Au troisième acte, Laëtitia Pujol est une Marguerite en fin de vie, qui ne peut plus cacher sa maladie. Hantée sans cesse par le spectre de Manon, qui vient lui rappeler son destin. La mort est inévitable. Moment fort de ce troisième acte, le black pas de deux, ultimes retrouvailles pour Marguerite et Armand. La tension est présente, les portés sont somptueux et les deux danseurs nous font vivre ce moment avec intensité. Ils terminent à l’unisson sur les dernière notes de la Ballade de Chopin. Ils sont émouvants La danseuse Etoile est à nouveau touchante lorsqu’au bal, elle ouvre l’enveloppe qu’Armand lui a donné contenant les billets. Un bal au cours duquel Charlotte Ranson, qui incarne Olympia ce soir, est rayonnante et mutine à souhait.
Les dernières scènes de la Dame aux Camélias sont toujours particulièrement émouvantes. Tandis qu’Armand découvre mot après mot la vérité, à l’arrière de la scène, on aperçoit Marguerite, très affaiblie, écrire ses confessions. On retrouve cette même Marguerite, le teint livide, complètement perdue et à la recherche de son bonheur perdu au Théâtre des Variétés. Elle retournera une dernière fois écrire ses confessions sur son bureau, toujours hantée par le spectre de Manon. Le rideau tombe sur une Marguerite à terre, et un Armand totalement bouleversé.
Malgré un début un peu déroutant, les deux danseurs ont peu à peu planté le décor pour raconter l’histoire tragique de cette dame aux camélias et de son amant, offrant une prestation et une interprétation touchantes et émouvantes.

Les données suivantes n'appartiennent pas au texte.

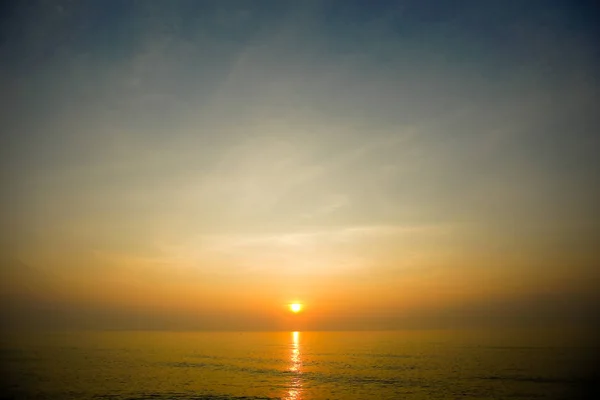 Niesamowity Widok Zachód Słońca Latem Plaży — Zdjęcie stockowe
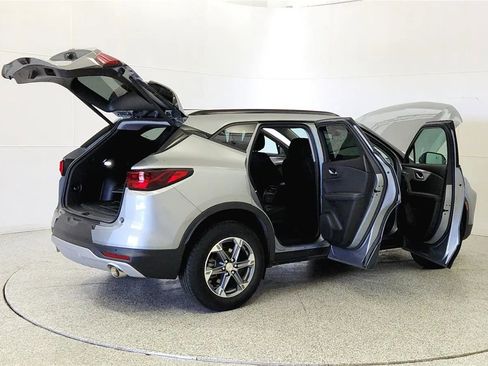 Used 2024 Chevrolet Blazer LT w/ Convenience Package FWD image 12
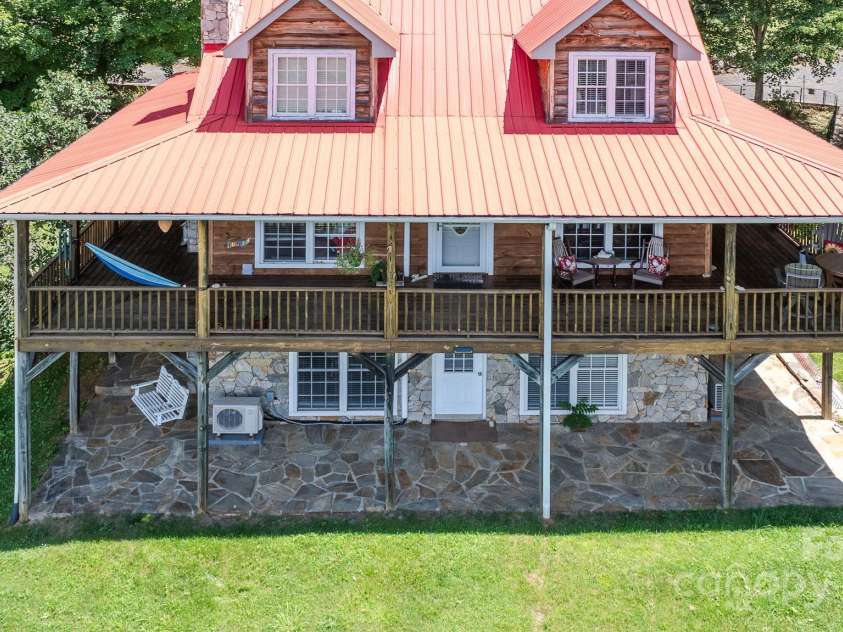 715 Sunset Mountain Road, Bakersville, NC 28705.  MLS# CAR4276207, YatesRealty ID 27672. 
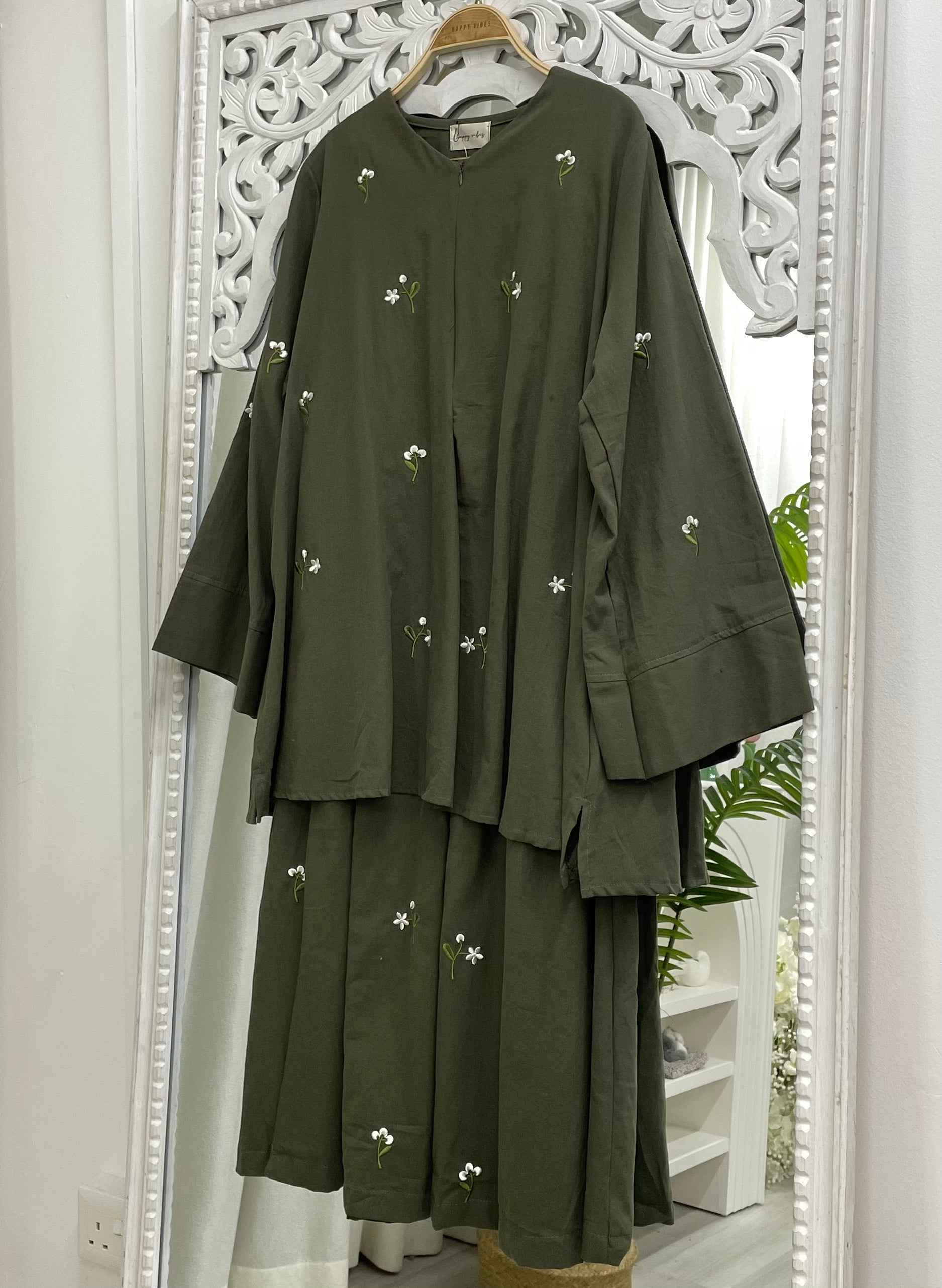Juniper Embo Skirt Set HV Label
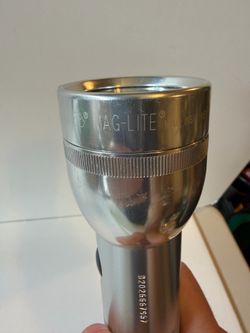 10” Silver MAG-LITE Flashlight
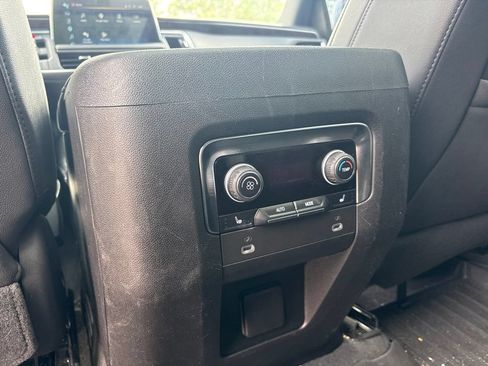Used 2023 Chevrolet Tahoe Z71 w/ Luxury Package AWD/4WD image 18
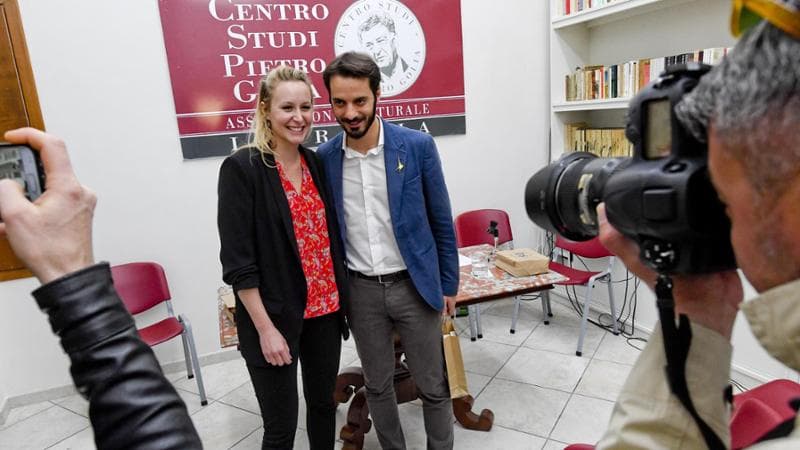 Marion Le Pen, nipote del fondatore del Front National Jean-Marie Le Pen,&nbsp; con il compagno&nbsp; Vincenzo Sofo
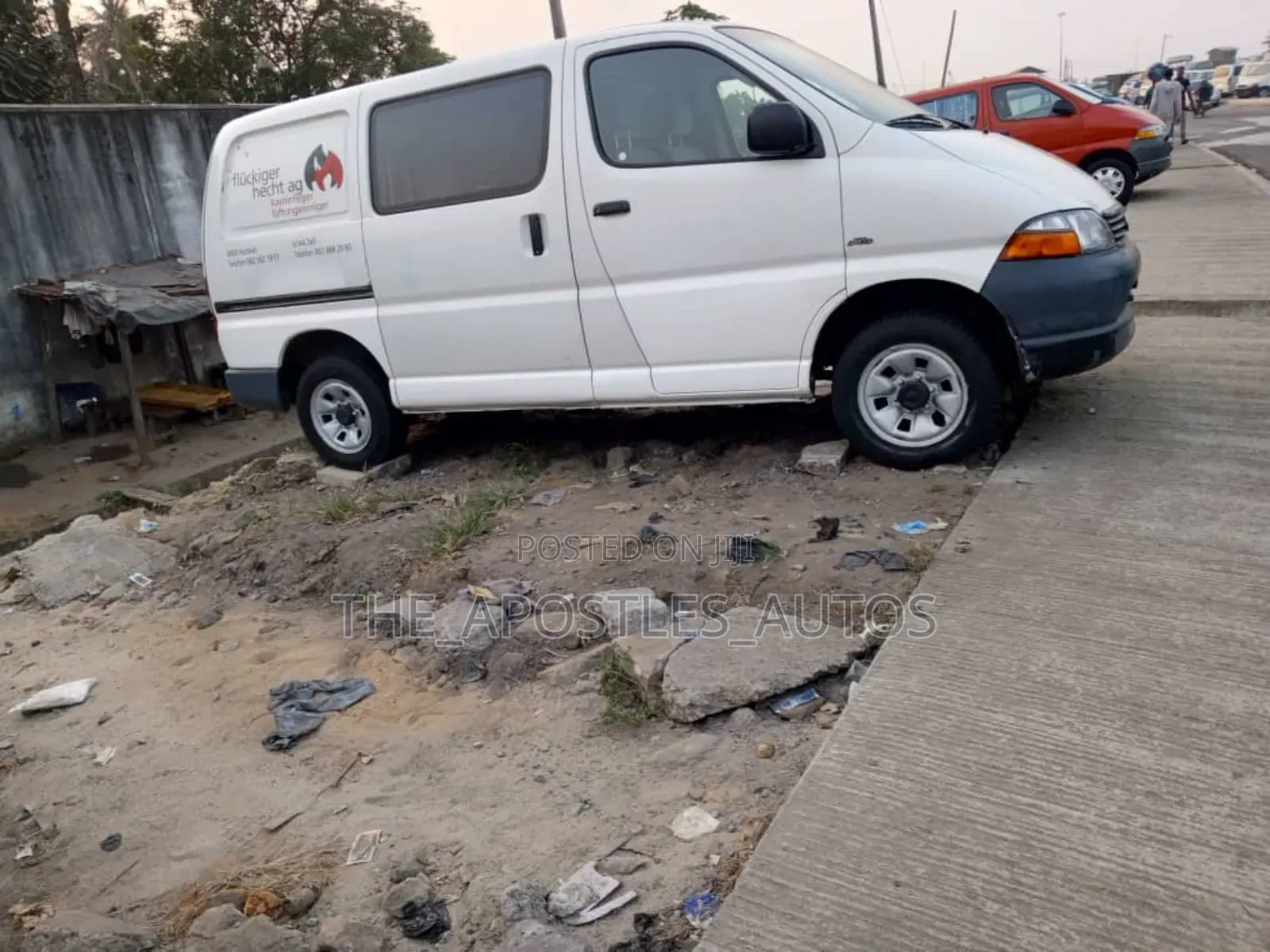 Toyota HiAce 2004 White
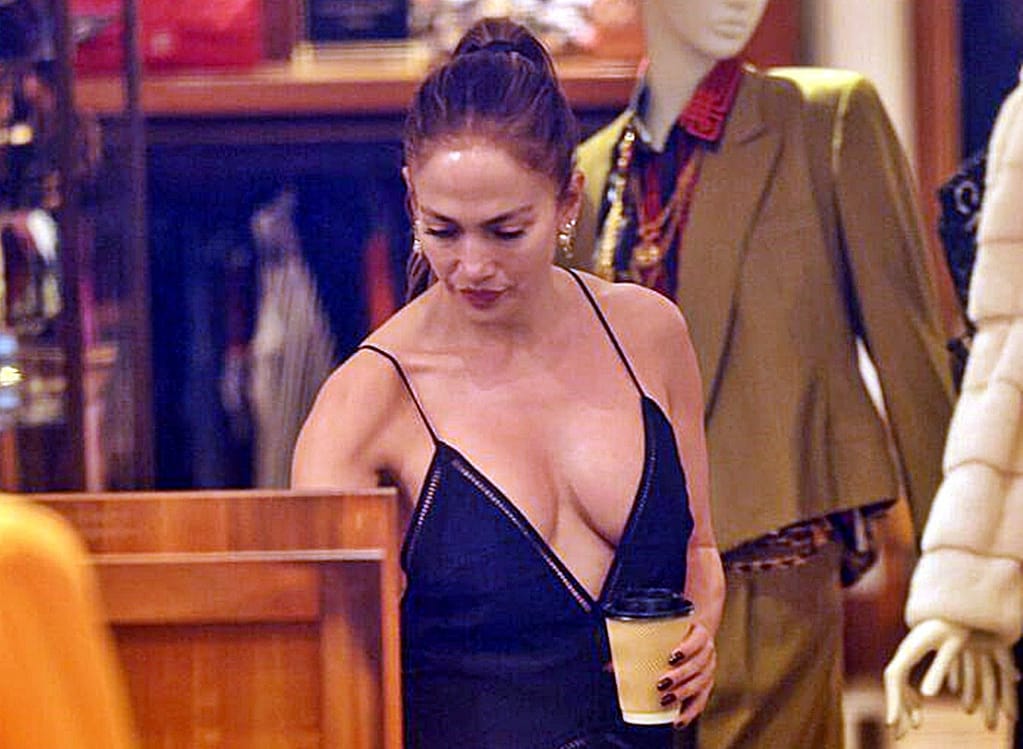 j-lo-08-1024x749 Jennifer Lopez desnuda actualidad con la crítica de El beso de la mujer araña (2026)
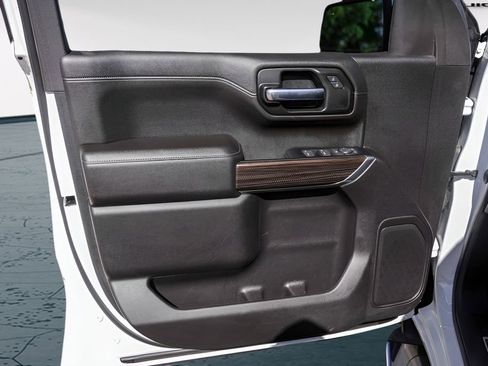 Used 2022 Chevrolet Silverado 1500 LT w/ Safety Package image 26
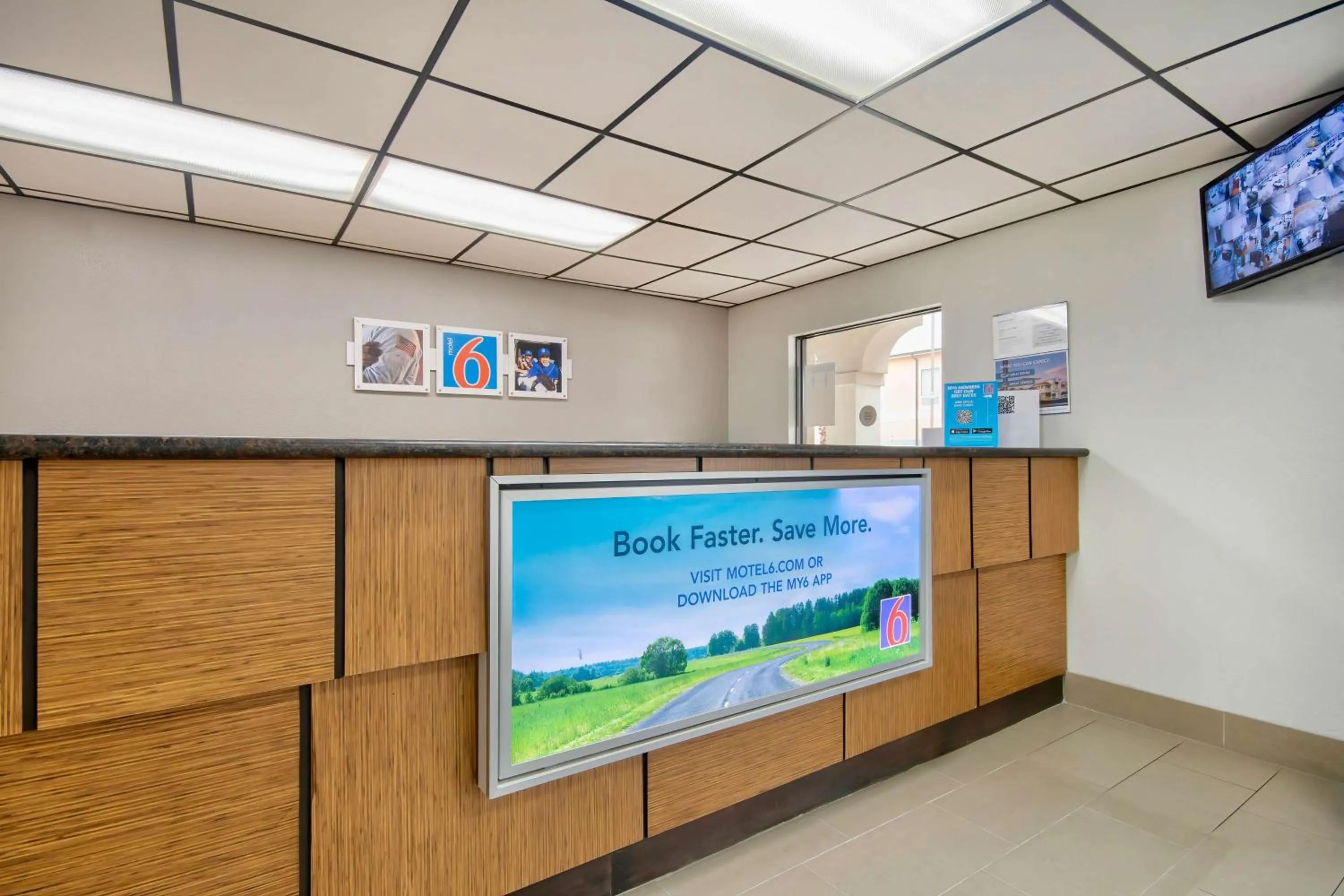 Lobby or reception in Motel 6-Sulphur, LA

A la sortie, on se demande encore : mais pourquoi on ne se lasse pas de cette Dame aux Camélias ? Pourquoi a-t-on encore envie d’y retourner ? Quelques pistes de réflexion? Ces effets de scène, cette chorégraphie, très théâtrale, ses trois pas de deux, aussi beaux les uns que les autres et chacun de plus en plus intense, cette multitude de portés aériens et vertigineux, ces interprètes apportant chacun leur valeur ajoutée au ballet… Le tout accompagné par le romantisme de la musique de Chopin. C’est certainement pour toutes ces raisons que l’on ne se lasse pas de voir La Dame aux Camélias.